Espace Automobile - News, articles, interviews et dossiers

Interview de Bertrand Rakoto : Consultant marché auto, D3 Intelligence

Bertrand Rakoto

Consultant marché auto, D3 Intelligence

PSA a une carte à jouer aux Etats-Unis

Publié le 23 Mai 2014

Après les restructurations chez PSA et l’accord de compétitivité de Renault, les constructeurs français sont-ils armés pour faire face à leurs concurrents étrangers ?
Les constructeurs français ont gelé ou fortement ralenti leurs projets pendant la crise. Cela s’est traduit par un vieillissement de la gamme et par une perte de parts de marchés en Europe. Aujourd’hui, il faut reconquérir ces parts de marché, ce qu’ils ont commencé à faire grâce au rajeunissement de leur gamme. La reprise en cours du marché automobile européen devrait bénéficier aux constructeurs tricolores. Cependant Renault et PSA ne peuvent pas compter que sur le marché européen. Il faut chercher d’autres leviers de croissance, y compris en Amérique du Nord. Il faut également continuer à investir dans les marchés émergents.

Une rechute est-elle envisageable ?

Les stratégies mises en place sont plutôt encourageantes. Renault poursuit son intégration avec Nissan, PSA doit se refaire une santé financière et reprendre des parts de marchés mais le repositionnement des marques du groupe et les nouveaux modèles devraient l’y aider. Je ne vois pas de risque majeur planer sur les constructeurs français aujourd’hui.

Vous évoquez le marché américain, où les constructeurs français brillent par leur absence. Doivent-ils vraiment prendre le risque de s’y lancer ?

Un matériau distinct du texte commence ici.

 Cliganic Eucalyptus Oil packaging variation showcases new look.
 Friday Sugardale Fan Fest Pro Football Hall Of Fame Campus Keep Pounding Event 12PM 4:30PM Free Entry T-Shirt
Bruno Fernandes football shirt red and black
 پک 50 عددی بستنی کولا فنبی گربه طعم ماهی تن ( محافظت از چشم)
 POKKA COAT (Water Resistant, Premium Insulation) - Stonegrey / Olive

Les Etats-Unis sont le deuxième marché automobile mondial derrière la Chine. C’est un marché incontournable pour les grands constructeurs, avec en moyenne 15 millions de véhicules par an - plus que l’Europe- et qui, contrairement à l’Europe, va retrouver son niveau d’avant-crise. Mais c’est aussi un marché très concurrentiel. Pour arriver sur un marché aussi vaste, il faut un partenaire avec un réseau de distribution. Renault, dont la présence aux Etats-Unis remonte à la fin des années 80, a assez peu de chances de s’y relancer mais il pourrait y vendre des véhicules « rebadgés » Nissan ou Infinity (marque haut de gamme de Nissan, ndlr). PSA garde, grâce à Peugeot, une très bonne image de marque aux Etats-Unis. Il a une vraie carte à jouer. Si Dongfeng souhaite s’implanter aux Etats-Unis avec un portefeuille de marques, dont DS et Peugeot, c’est possible à condition de trouver un partenaire disposant d’un bon réseau distribution.

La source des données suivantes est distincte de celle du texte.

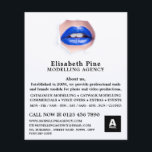 Flyer Lábios Azuis, Agência de Modelagem, Agente Modelo<br><div class="desc">Lábios Azuis,  Agência De Modelagem,  Folhetos De Publicidade De Agentes Modelos Pela Loja Cartão de visita.</div>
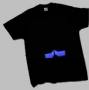تی شرت جادویی سه بعدی آبی LED Blue3D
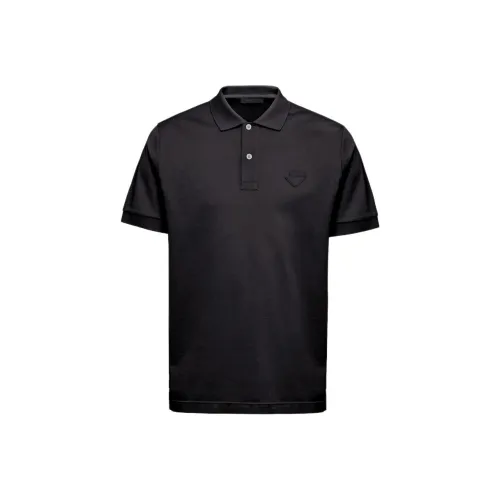 PRADA Polo Shirts Men Black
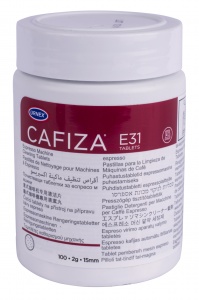 Таблетки для чистки от кофейных масел Urnex Cafiza (Урнекс Кафиза), 100 шт.х2 г 
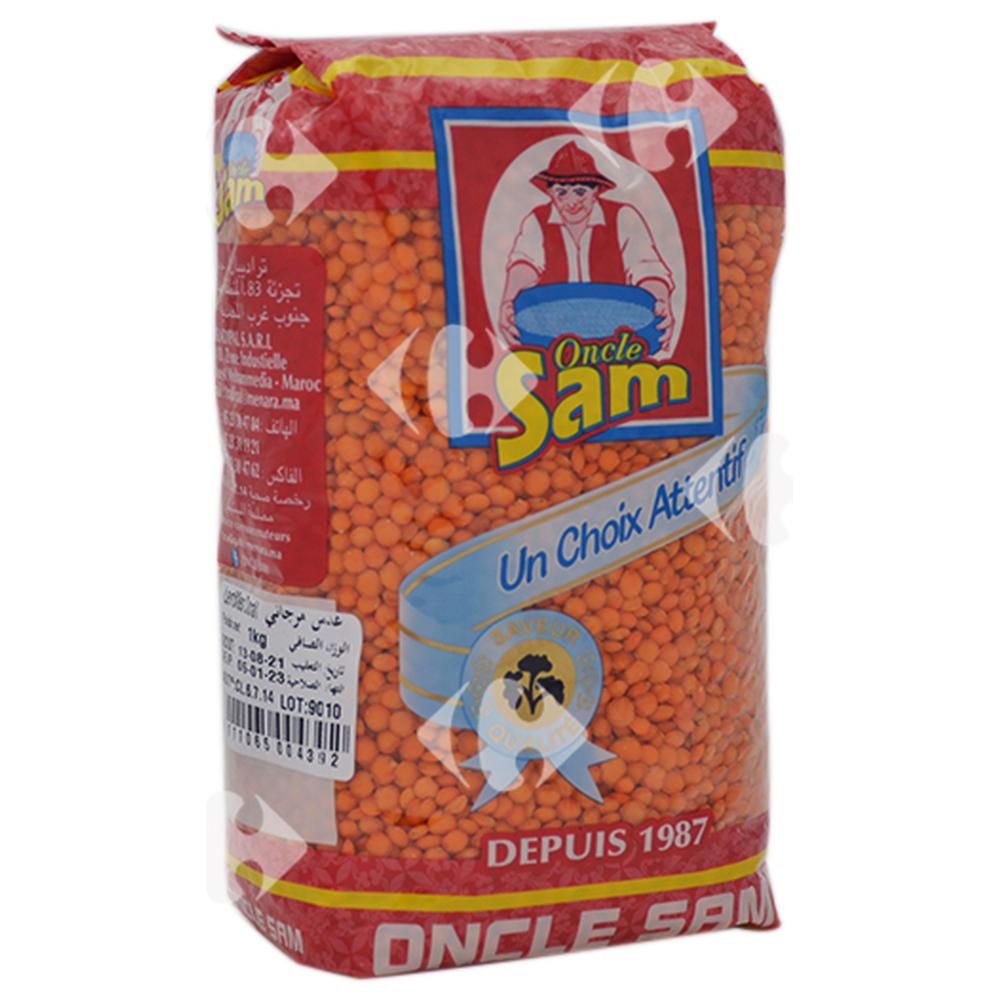 Lentilles Corail Oncle Sam 1kg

PSA développe une stratégie de montée en gamme, notamment avec la marque DS, tandis que Renault a fortement développé sa marque low cost, Dacia. Quelle stratégie vous semble la plus pertinente ?

Renault et PSA restent des constructeurs généralistes. Renault a développé une marque d’entrée de gamme, Dacia, mais il n’est pas un constructeur low cost. De même PSA ne va pas devenir un constructeur premium. La « montée en gamme » du groupe consiste à vendre plus d’options sur des modèles généralistes : véhicules mieux équipés ou mieux finis. Je ne pense pas que DS soit sur le même segment de marché qu’un BMW ou un Mercedes. Ceci dit l’offre de PSA s’est à nouveau diversifiée et devient plus performante sur les marchés émergents. La nouvelle gamme prévue d’ici 2017 devrait permettre de mieux s’implanter dans un certain nombre de pays et de réduire sa dépendance à l’Europe.

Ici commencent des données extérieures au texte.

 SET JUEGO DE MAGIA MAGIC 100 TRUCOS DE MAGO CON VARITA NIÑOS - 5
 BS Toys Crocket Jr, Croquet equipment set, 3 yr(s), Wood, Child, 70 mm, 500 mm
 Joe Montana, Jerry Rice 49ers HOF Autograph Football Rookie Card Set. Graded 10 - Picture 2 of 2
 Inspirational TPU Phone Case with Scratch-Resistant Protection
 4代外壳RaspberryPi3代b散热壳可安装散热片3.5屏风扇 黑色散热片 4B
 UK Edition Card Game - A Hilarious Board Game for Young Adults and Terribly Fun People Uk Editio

Si vous étiez un investisseur, quel titre choisiriez-vous aujourd’hui ?
Je dirais que PSA a un potentiel de revalorisation supérieur à celui de Renault, à condition qu’il poursuive son plan de redressement comme prévu. Renault risque de souffrir à court terme de la crise économique et politique en Russie. Mais le titre garde un potentiel de revalorisation compte tenu de la diversification géographique du groupe. L’alliance avec Nissan fonctionne très bien à la fois sur le plan technologique et commercial. Renault est implanté en Amérique latine et en Russie, Nissan est présent en Asie et en Amérique du Nord. Les deux constructeurs s’entraident sur les nouveaux marchés et fabriquent de plus en plus de pièces en commun. Cela devrait leur permettre de continuer à jouer les premiers rôles au niveau mondial.